The children will displace the parents. I must take more care of the original.
25th September 2016
Hedychium gardnerianum 'Kenneggy'
Among the gingers, strange innovations are afoot. Blood red Roscoea are just the shocking start. Hedychium can be highly inconvenient. Six to eight feet highly on occasion. They
are all wonderful but they do have their problems. They are too big and they don't bloom freely enough for gardeners raised on a diet of rich soils and fat flowers. Out of the blue
this tiny form of H. gardnerianum was raised by Stephen Mules at Lower Kenneggy Nursery from a batch of seed (he forgets the origin). Tiny wee little thing by Hedychium standards.
Flowering at about 18 inches (45cm) tall and producing a bloom on every stem, it is as close to a perfect innovation as one could hope to meet. The right thing at the right time.
For Stephen it sets seed, but then he is in the pseudo-tropics, some 10 miles to the south of me. I have moved it into the prop house in the hope that more warmth will help.
It is fabulous, and I should be satisfied that the best species has produced a better form, but wouldn't a range of hybrids be wonderful.
Gilding the ginger-lily.
25th September 2016
There is no pleasure quite like raising some seedlings to see what comes up.

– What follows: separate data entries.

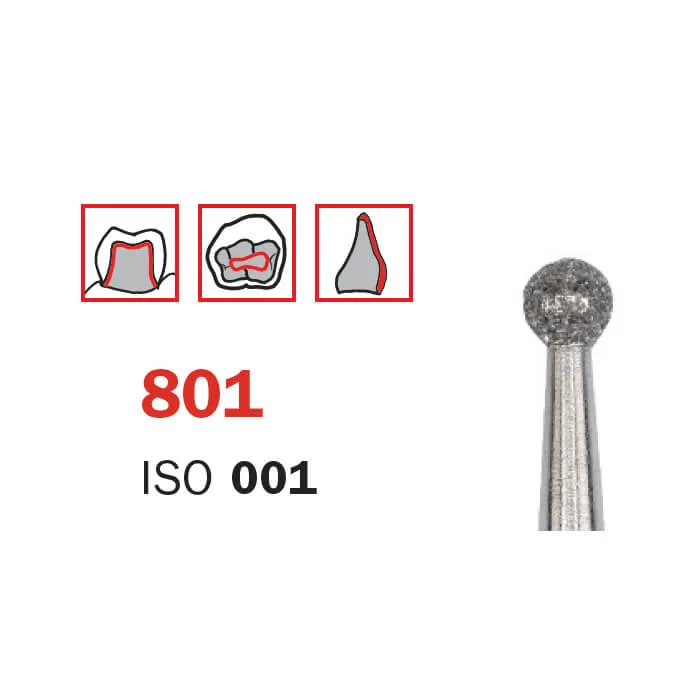 Diamond Bur, FG 012 Short, Medium, Round ISO #001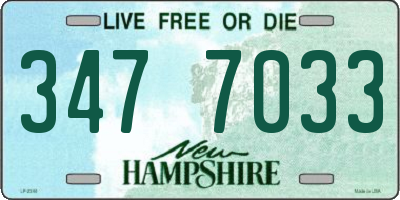 NH license plate 3477033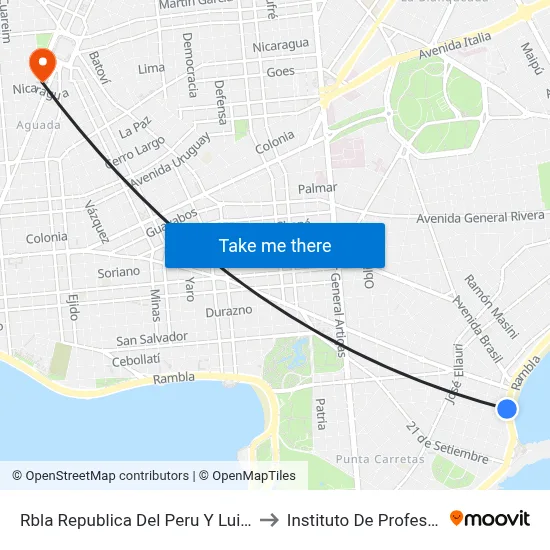 Rbla Republica Del Peru Y Luis Cincinato Bollo to Instituto De Profesores Artigas map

Things never go quite as expected. I have some pots of double primroses in need of pricking out as I write.
I know what I expect, but I know better than to expect it.
Nerine seedlings will come up to flower in four of five years if they are treated kindly. Unfortunately there never seems to be enough time for that. They get put to one side and left to get on with it.
There are always more to sow, they will flower eventually. As a result I have the label in this pot of seedlings which records my actions. It is open pollinated seed collected from N. bowdenii 'Mollie Cowie',
but I don't remember doing it. I was probably just sowing seed of everything I had. I do that sort of thing. Perhaps I was trying to see if the variegation would be inherited by the offspring. I might have written myself
a note explaining it, but it hasn't made it as far as my records.
Whatever I was up to, I have watched the pot casually for many years with little expectation. The first flowers stopped me in my tracks. That isn't N. bowdenii, it is a hybrid. The N. bowdenii
grow in a block surrounded by N. sarniensis and N. undulata. Perhaps a friendly bee has been at work, perhaps it was me and I have forgotten what I did.
Whatever the history, the outcome is fabulous and, inevitably, unexpected.